In the moment, Mitchell meant that it takes effort to be the best, that racking up world records demands countless hours of practice and frustration. This week, however, he’s paying a very different sort of price, as evidence mounts that he may have fudged the rules along the way to achieving some of his best known scores.
The recent controversy began with a lengthy post on the Donkey Kong Forum from Jeremy Young, known on the site as Xelnia. Over the course of almost 2,000 words—complemented by multiple animated gifs—Young makes the case that Mitchell achieved three of his Donkey Kong high scores in emulated versions of the game rather than on original arcade cabinets. The evidence mostly comes down to subtle variations in the way that older emulators—like those that Mitchell would have used—render the environment on-screen. As Ars Technica explains, “While a real Donkey Kong cabinet generates and displays game scenes in a ‘sliding door’ effect, sliding from one side to the other, old versions of the Multiple Arcade Machine Emulator (MAME) instead build entire chunks of a level at once and then display them as a complete screen buffer.” That matters in part because it can change the way the game is played, while also making it easier to falsify the record.
In his post, Young stops short of suggesting that Mitchell actively cheated along the way to earning his high scores in the game, but with an emulator he easily could have. Young notes that using the emulator’s recording feature, Mitchell could have played in a stop-and-start style, allowing him to patch together a more ideal run. Further, there are no witnesses to the three scores in question (Mitchell submitted evidence by video tape), and he probably didn’t have the skills to create a recording from the hardware itself, which increases the likelihood that he used an emulator.
Together, these and other factors led Young to announce that he would be removing Mitchell’s questionable performances from the Donkey Kong Forum’s high score list. Mitchell has not, however, been fully barred from the rankings, merely demoted: Where his previously recognized high score of 1.062 million placed him at No. 20 on the chart, he now lands at No. 47 with a score of 933,000, since he earned that one in front of a live audience in 2004.
Meanwhile, the video gaming records organization Twin Galaxies still recognizes Mitchell’s 1.062 million record, though there too his accomplishments are currently subject to adjudication.
In the wake of Young’s announcement, others have made additional accusations against Mitchell. As Ars Technica reports in an update to its original post, “Former Donkey Kong world record holder Wes Copeland has presented new statistical evidence that he says suggests Mitchell’s 1.05 million point game was patched together from multiple emulated plays.” Meanwhile, the site adds, another competitor managed to best his own previous No. 1 score in Donkey Kong, livestreaming a game in which he accumulated almost 200,000 more points than Mitchell had in the most impressive of his (allegedly fraudulent) runs.

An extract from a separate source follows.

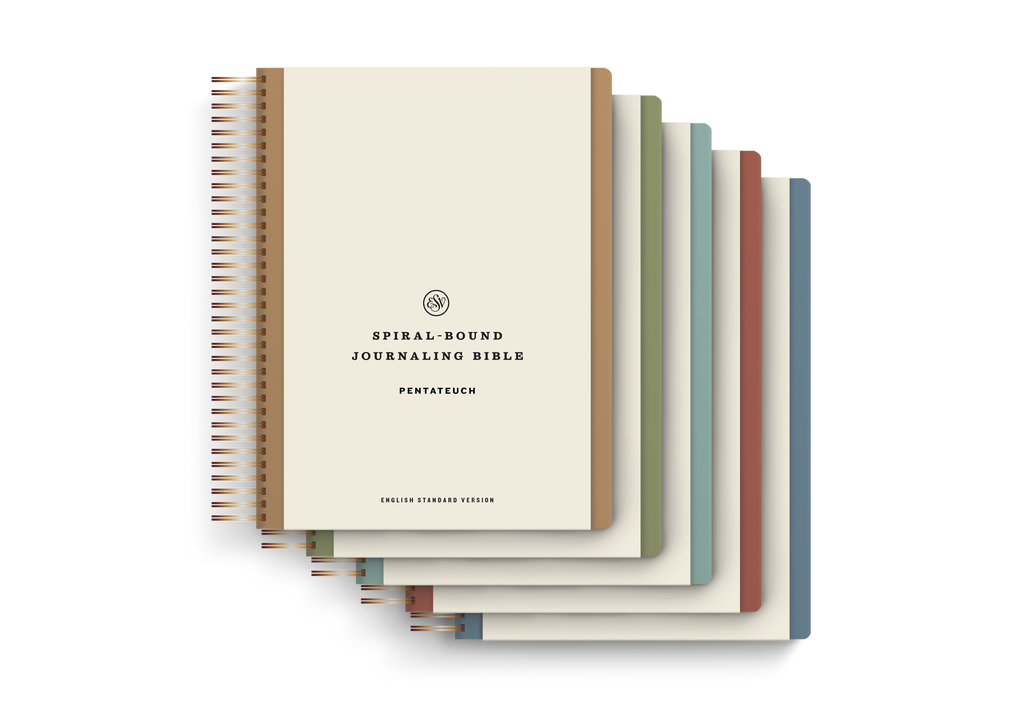 ESV Spiral-Bound Journaling Bible, Five-Volume Set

Ultimately, Mitchell’s true gift to the competitive arcade community may have been the ease with which he filled the role of antagonist. In the years since King of Kong’s 2007 release, many other players have surpassed the accomplishments of Steve Wiebe, Mitchell’s good guy foil. While they may have paid prices of their own for their triumphs, it seems as if they’ve done so in a very different spirit, one that emphasizes mutual support as much as it does individual skill. From the outside, it’s hard to avoid the impression that they’ve come together in a spirit wholly contrary to the one Mitchell espouses in the film. Or, as Young puts it in the conclusion to his original post, theirs is a community “built on the idea of friendship through competition, camaraderie through our shared pains in pushing ourselves, our friends, and these games to their limits.”